## Task description:
After finding the line with "Renda Bordado com" in the entries below, copy that line and each one after it exactly, through the last line, and omit pictures.

Brief descriptive captions:
○ ○ ○ ○

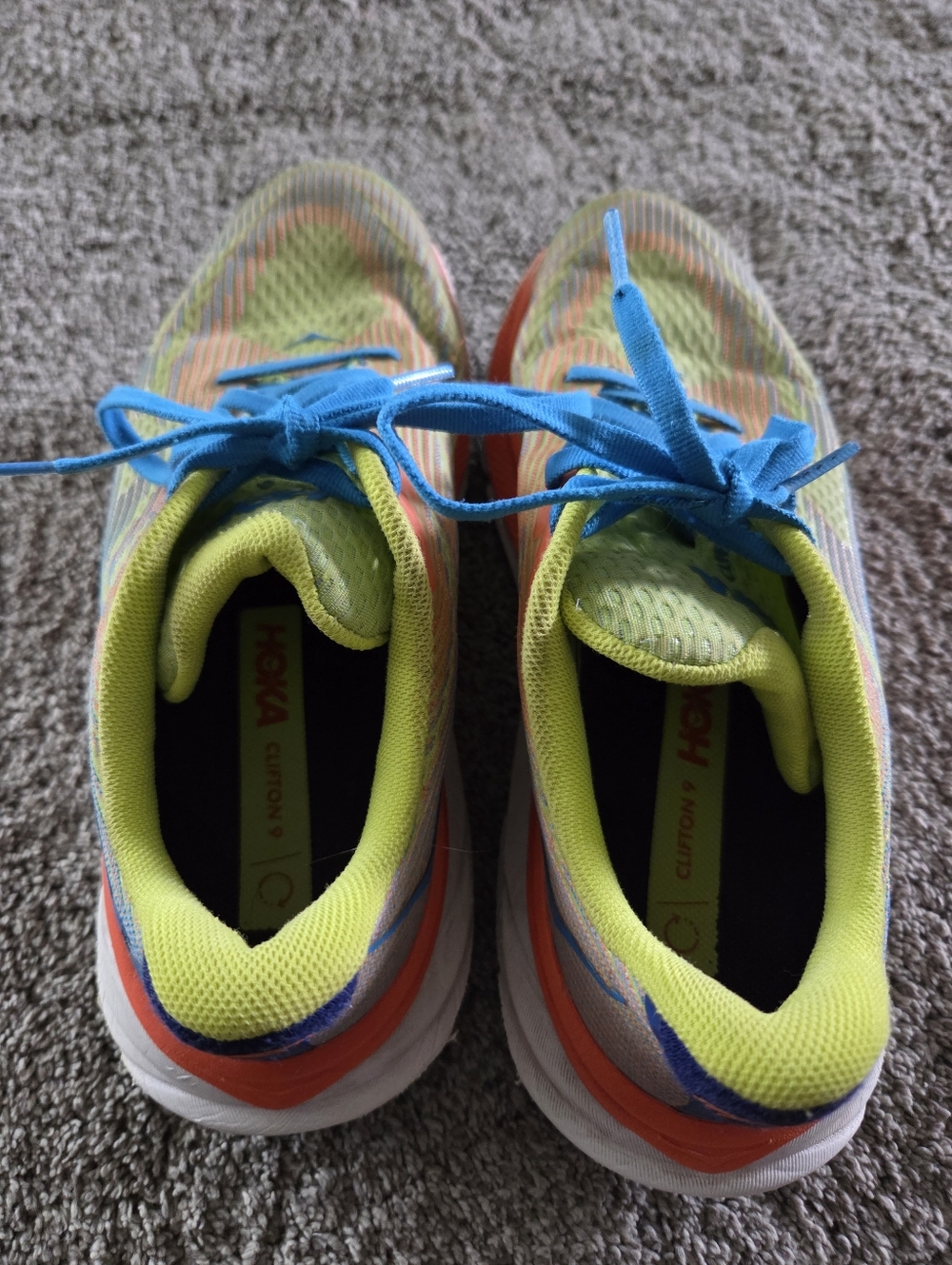 Hoka Kids Lime Green, Bright Blue & Orange Running Sneakers - Picture 2 of 6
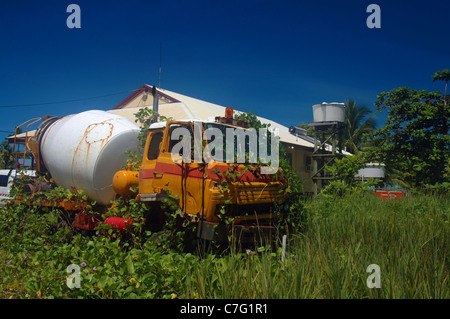 Abandoned cement truck being overgrown by tropical vegetation, Saibai Island, northern Torres Strait, Queensland, Australia Stock Photo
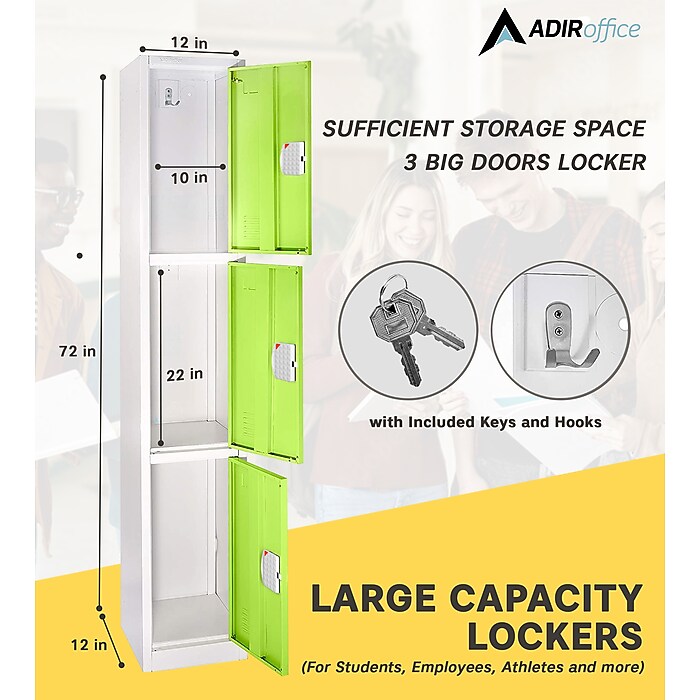 72" H x 12" W  Triple Tier Steel Storage Locker with Digital Lock, Green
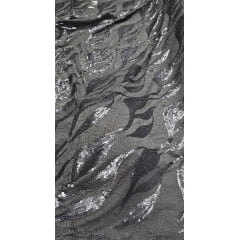 Renda Bordado com Paetê Monte Carlo Cinza Chumbo - Comprimento 0,90 cm x Largura 1,50 m 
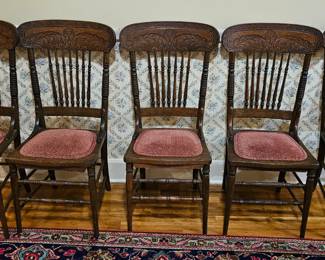 5 Antique Oak Pressed back dining chairs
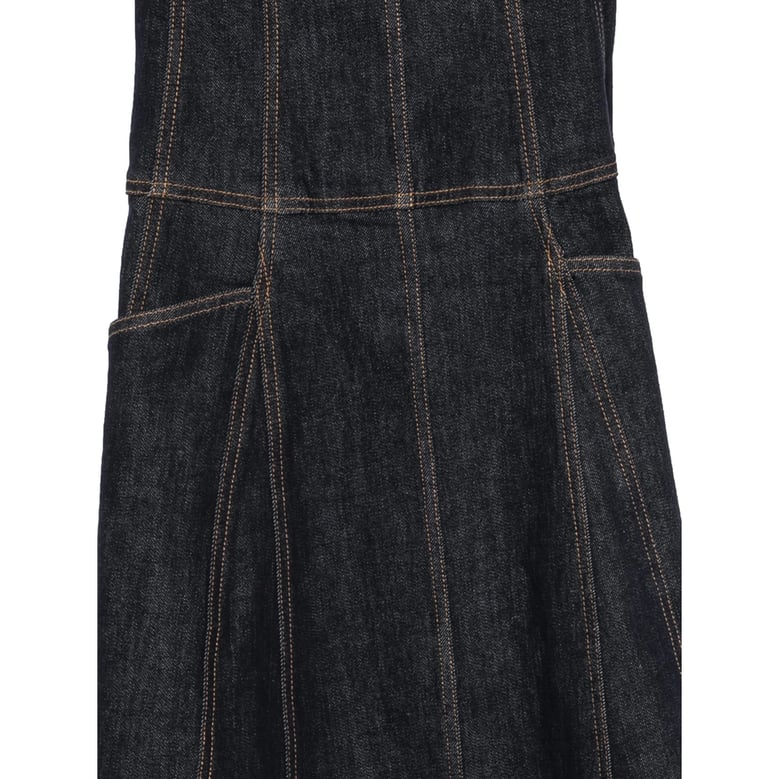 belted blue panelled dress by Selfnex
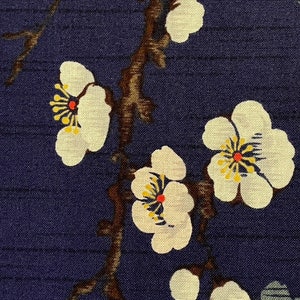 Sakura Cherry Blossoms & Branches Kokka Japanese cotton fabric - blue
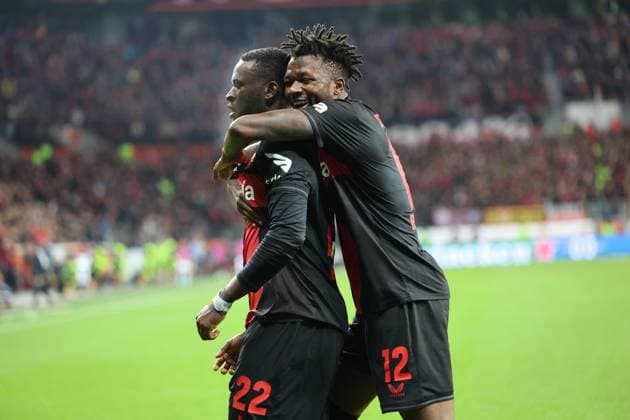 GER, UEFA EL Bayer 04 Leverkusen GER vs Qarabag Agdam AZE 26 10 2023, BayArena, Leverkusen, Europalegue, group stage, matchday 3, GER, UEFA EL Bayer 04 Leverkusen GER vs Qarabag Agdam AZE , pictured 3 1 by Victor Boniface Leverkusen 22 , goal celebration cheer run, Nathan Tella Leverkusen 19 , Edmond Tapsobsa Leverkusen 12 , nordphotoxGmbHx xMeuter nph00351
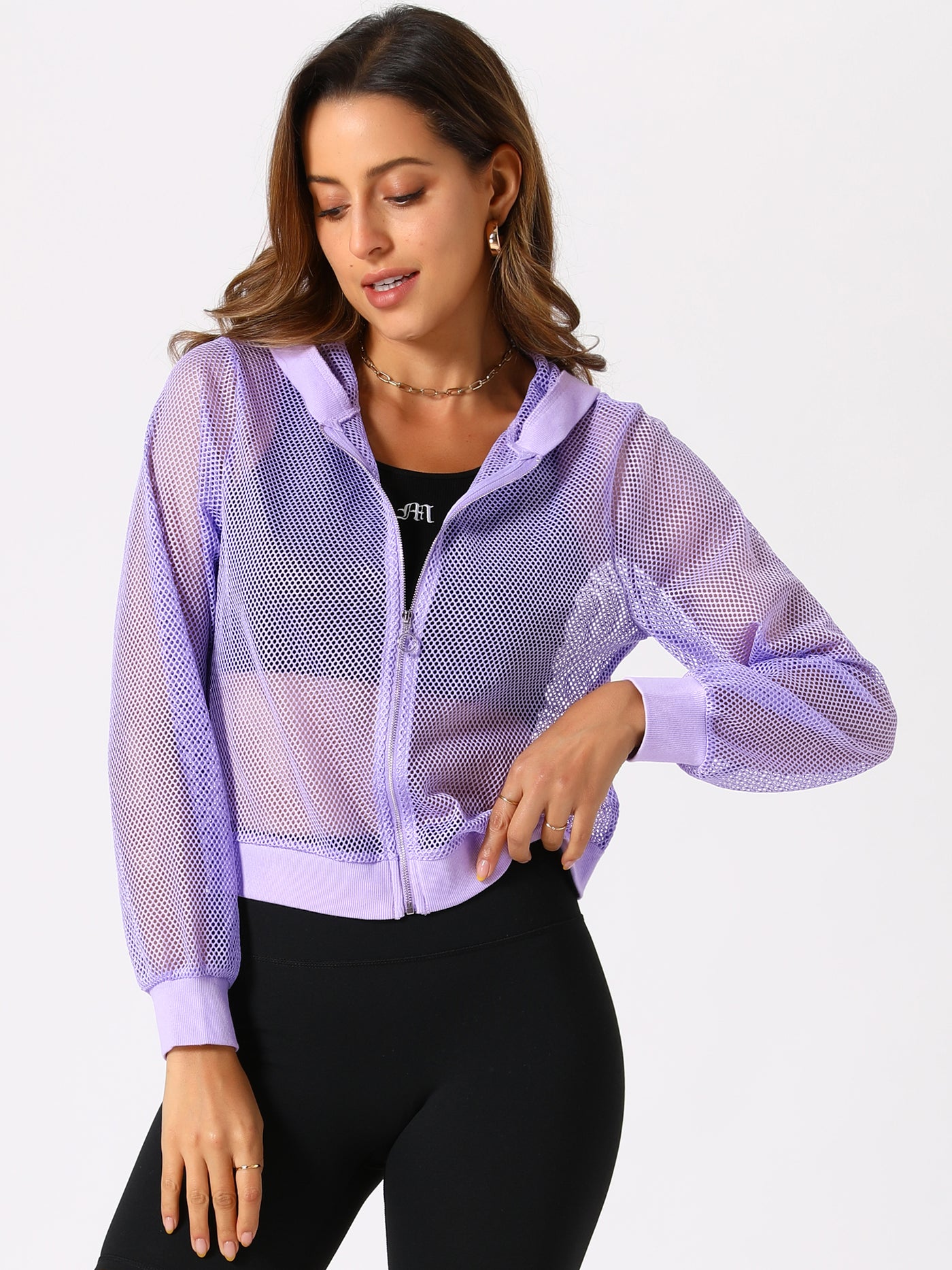 Allegra K Zip Up Long Sleeve Mesh Sheer Hoodie Bomber Jackets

○ ○ ○ ○

## Exercise answer:
 Renda Bordado com Paetê Monte Carlo Cinza Chumbo - Comprimento 0,90 cm x Largura 1,50 m 
 5 Antique Oak Pressed back dining chairs
 belted blue panelled dress by Selfnex
 Sakura Cherry Blossoms & Branches Kokka Japanese cotton fabric - blue
 GER, UEFA EL Bayer 04 Leverkusen GER vs Qarabag Agdam AZE 26 10 2023, BayArena, Leverkusen, Europalegue, group stage, matchday 3, GER, UEFA EL Bayer 04 Leverkusen GER vs Qarabag Agdam AZE , pictured 3 1 by Victor Boniface Leverkusen 22 , goal celebration cheer run, Nathan Tella Leverkusen 19 , Edmond Tapsobsa Leverkusen 12 , nordphotoxGmbHx xMeuter nph00351
 Allegra K Zip Up Long Sleeve Mesh Sheer Hoodie Bomber Jackets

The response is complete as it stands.